**DATA SHOWN**
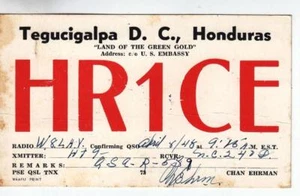 1948, Hondouras to Wooster, OH, QSL Card (24248) - Picture 1 of 1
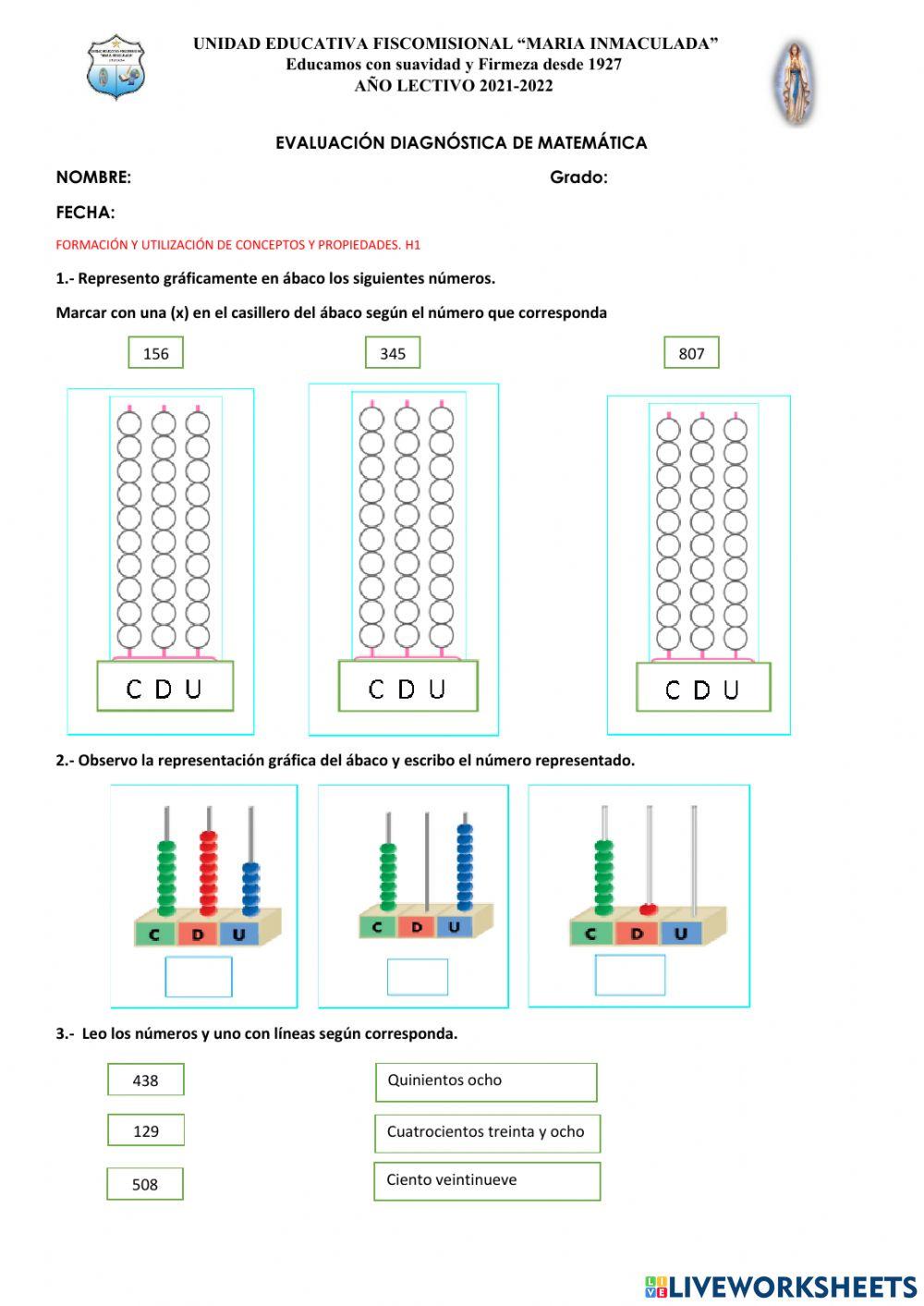 Evaluación diagnóstica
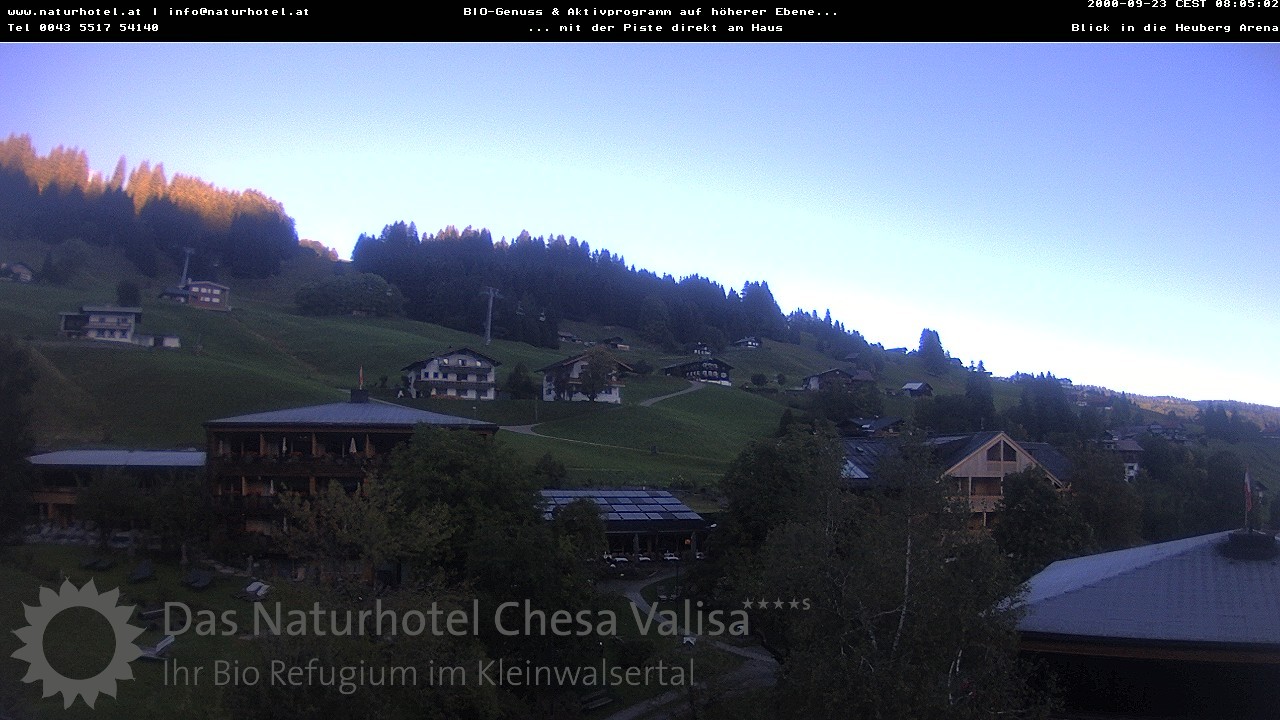 Archiv Foto Webcam Chesa Valisa Oberhirschegg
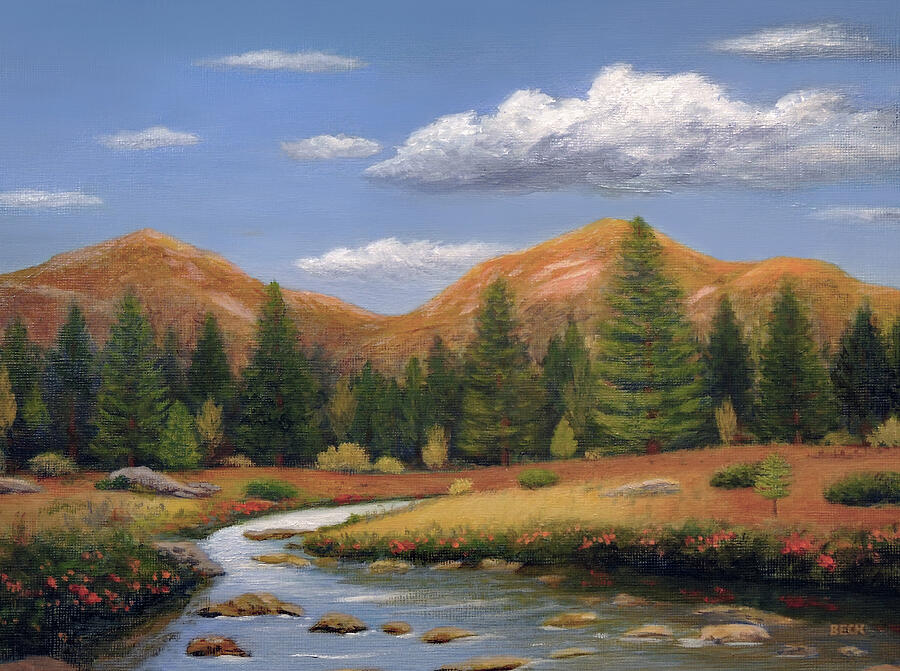 Mountain Painting - Morning Peace by Gordon Beck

**WHAT TO WORK ON**
Copy out all the data exactly; skip the pictures.

**FINISHED TASK**
 1948, Hondouras to Wooster, OH, QSL Card (24248) - Picture 1 of 1
 Evaluación diagnóstica
 Archiv Foto Webcam Chesa Valisa Oberhirschegg
 Mountain Painting - Morning Peace by Gordon Beck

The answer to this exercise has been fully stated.